After that Timmie was not shown until Morris & Essex came around again in May, this time with 2,665 dogs of 38 breeds (an average entry of a little more than 70 dogs per breed). Timmie was BIS there also, handled as always by Anthony Neary. The New York Times called Timmie “the greatest show dog in America” and quoted Alva Rosenberg, who made the final decision: “I haven't judged him [Timmie] for a year, but he is just great as a dog as he was then. He hasn't coarsened in any way, moved perfectly, was in perfect condition and fine coat. He beat a grand lot of dogs, but he won easily.” And then the clincher: “I'd say without reservation that he is one of the best I've seen in 38 years of judging.”
That's very high praise coming from a judge who was generally considered “the dean of American dog show judges.” Many old-timers still active today remember Mr. Rosenberg affectionately as a gentleman, a humble, gentle man and a truly great judge — possibly the greatest of them all. He started judging as a 17-year-old in 1910 and by the time he died in 1973 had judged at more than 1,000 dog shows. (I still remember meeting Mr. Rosenberg on the occasion of my first visit to an American dog show, the Chicago International KC in 1967. I didn't know much then, of course, but even I had heard of Mr. Rosenberg and was very impressed.)

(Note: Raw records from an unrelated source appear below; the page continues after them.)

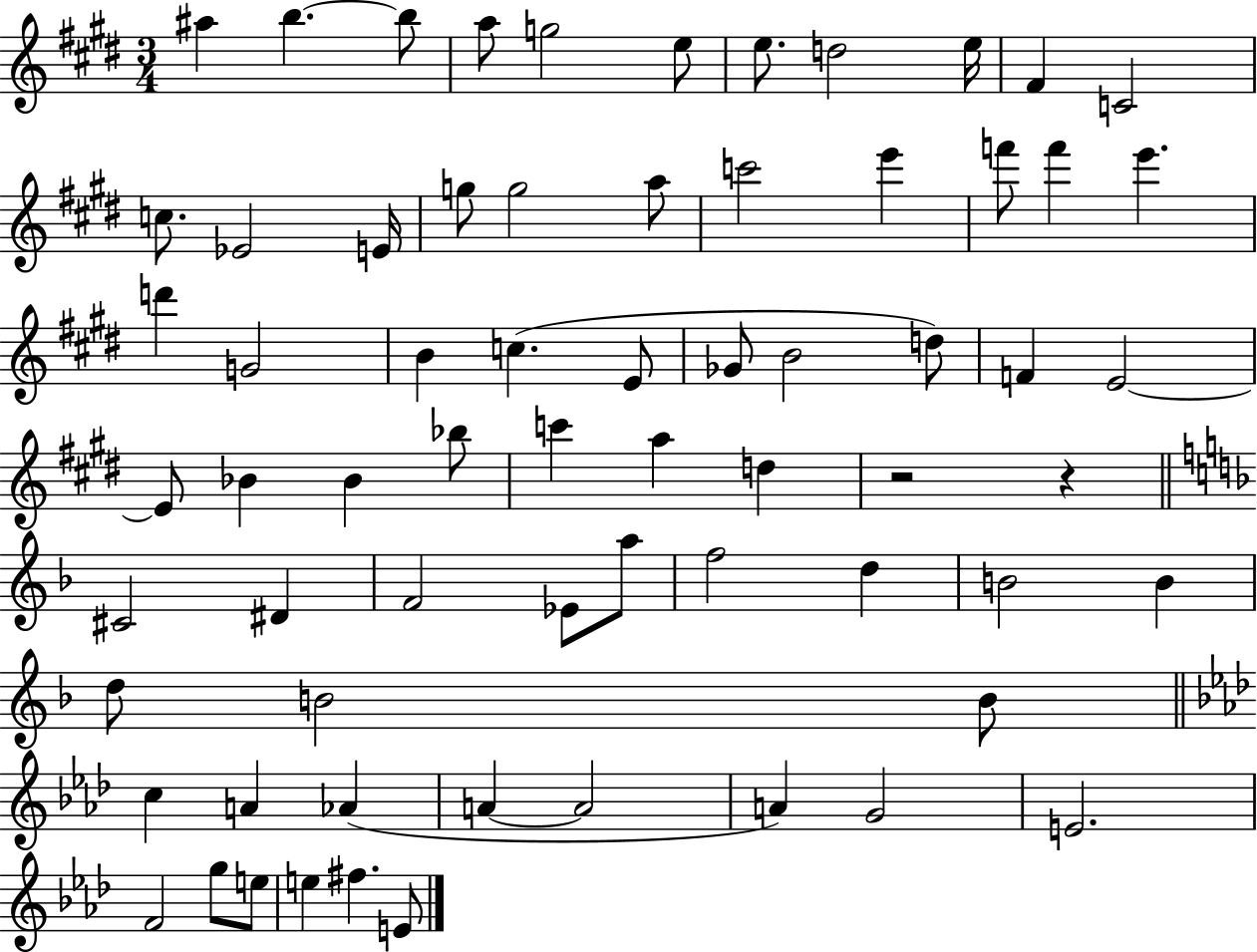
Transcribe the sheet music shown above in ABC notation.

X:1
T:Untitled
M:3/4
L:1/4
K:E
^a b b/2 a/2 g2 e/2 e/2 d2 e/4 ^F C2 c/2 _E2 E/4 g/2 g2 a/2 c'2 e' f'/2 f' e' d' G2 B c E/2 _G/2 B2 d/2 F E2 E/2 _B _B _b/2 c' a d z2 z ^C2 ^D F2 _E/2 a/2 f2 d B2 B d/2 B2 B/2 c A _A A A2 A G2 E2 F2 g/2 e/2 e ^f E/2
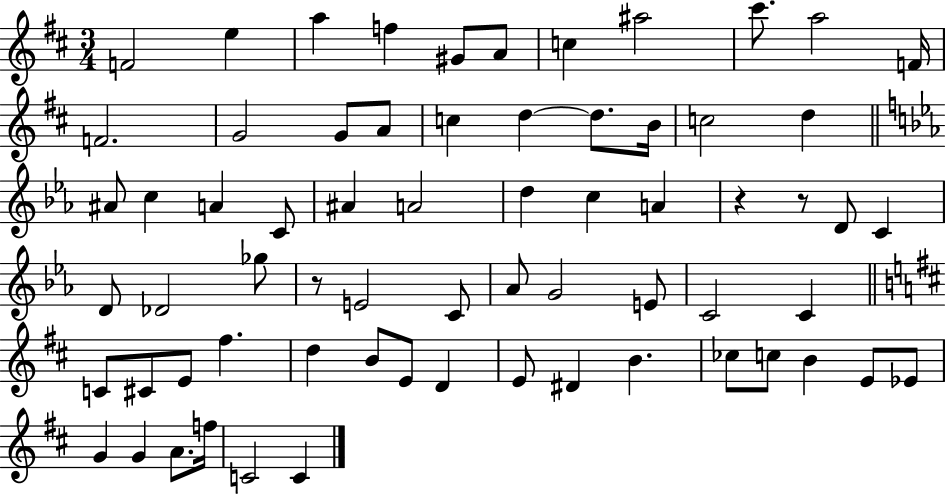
F4/h E5/q A5/q F5/q G#4/e A4/e C5/q A#5/h C#6/e. A5/h F4/s F4/h. G4/h G4/e A4/e C5/q D5/q D5/e. B4/s C5/h D5/q A#4/e C5/q A4/q C4/e A#4/q A4/h D5/q C5/q A4/q R/q R/e D4/e C4/q D4/e Db4/h Gb5/e R/e E4/h C4/e Ab4/e G4/h E4/e C4/h C4/q C4/e C#4/e E4/e F#5/q. D5/q B4/e E4/e D4/q E4/e D#4/q B4/q. CES5/e C5/e B4/q E4/e Eb4/e G4/q G4/q A4/e. F5/s C4/h C4/q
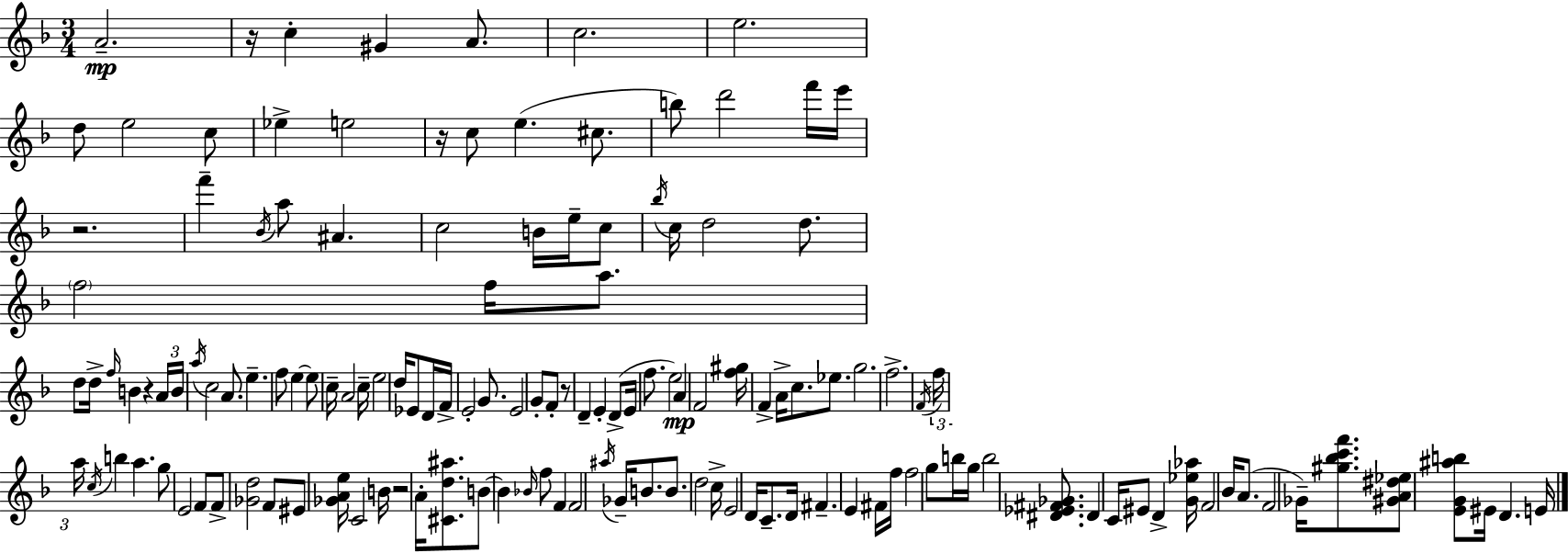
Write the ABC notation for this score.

X:1
T:Untitled
M:3/4
L:1/4
K:Dm
A2 z/4 c ^G A/2 c2 e2 d/2 e2 c/2 _e e2 z/4 c/2 e ^c/2 b/2 d'2 f'/4 e'/4 z2 f' _B/4 a/2 ^A c2 B/4 e/4 c/2 _b/4 c/4 d2 d/2 f2 f/4 a/2 d/2 d/4 f/4 B z A/4 B/4 a/4 c2 A/2 e f/2 e e/2 c/4 A2 c/4 e2 d/4 _E/2 D/4 F/4 E2 G/2 E2 G/2 F/2 z/2 D E D/2 E/4 f/2 e2 A F2 [f^g]/4 F A/4 c/2 _e/2 g2 f2 F/4 f/4 a/4 c/4 b a g/2 E2 F/2 F/2 [_Gd]2 F/2 ^E/2 [_GAe]/4 C2 B/4 z2 A/4 [^Cd^a]/2 B/2 B _B/4 f/2 F F2 ^a/4 _G/4 B/2 B/2 d2 c/4 E2 D/4 C/2 D/4 ^F E ^F/4 f/4 f2 g/2 b/4 g/4 b2 [^D_E^F_G]/2 ^D C/4 ^E/2 D [G_e_a]/4 F2 _B/4 A/2 F2 _G/4 [^g_bc'f']/2 [^GA^d_e]/2 [EG^ab]/2 ^E/4 D E/4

Above and below: Winning Morris & Essex in 1958.
One reason that Timmie is not as well remembered as some others may be that his show career was very limited. He was shown a total of 23 times, was Best of Breed every time, won nine groups and placed in the Terrier Group every time except once. He won a total of seven Best in Shows, which was not a huge number for an all-time great even in those days. There were fewer shows then than there are today: In 1949 there were 339 AKC all-breed shows, while in 2018, the most recent year for which AKC figures are available, there were 1,653 AKC all-breed shows. However, even then dogs were often specialed for several years in a row and sometimes managed to rack up amazing records. (Nornay Saddler won 56 BIS and was a few years older than Timmie; both Bang Away and Colonel won their 100th BIS in 1954.) Obviously, however, Timmie had what it takes to win at the most important shows.
As a stud dog, Timmie's activities were also limited, but he nevertheless sired 36 AKC champions and according to the Bedlington Terrier Club of America “can be found in most American pedigrees, touching almost every kennel in the U.S.”
How good was Ch. Rock Ridge's Night Rocket? Was he worthy of his big wins? Certainly it did not hurt that he was conditioned and handled by Anthony Neary, who was totally dedicated to the breed. Nor did the support, financial and otherwise, of William Rockefeller hurt. But Timmie wouldn't have won such important shows as he did under such respected judges without having outstanding qualities; neither would he have been used by so many different breeders or sired so many champions.
Westminster Kennel Club catalog.
The Rock Ridge success story continued through the end of the 1940s, the 1950s and at least the first half of the 1960s. In the 1946 Westminster catalog Mr. and Mrs. William A. Rockefeller are listed as owners of seven Bedlington Terriers, including three Rock Ridge champions. In 1955 the WKC catalog had a full-page ad near the Bedlington pages from Rock Ridge, but no dogs from the kennel were shown. In the huge breed entry at Morris & Essex in 1957, the last show held until the club's rebirth in 2000, the Rockefellers had again seven Rock Ridge Bedlington Terriers entered, including five champions, all with Anthony Neary listed as the agent.
William Rockefeller and the Nearys were an “unbeatable combination,” according to Muriel Lee's book, and they finished numerous champions. Mr. Rockefeller was president of the Bedlington Terrier Club of America in 1949-1950, and later also president of Westminster Kennel Club, a position he held for many years. He was also chairman of the board for the American Kennel Club from 1975 to 1984. He was also president of the American Society of Prevention of Cruelty to Animals and held a number of positions in non-doggy organizations as well.
This was long after the Nearys had retired, however, and the Rock Ridge Bedlington Terrier kennel had closed its doors forever.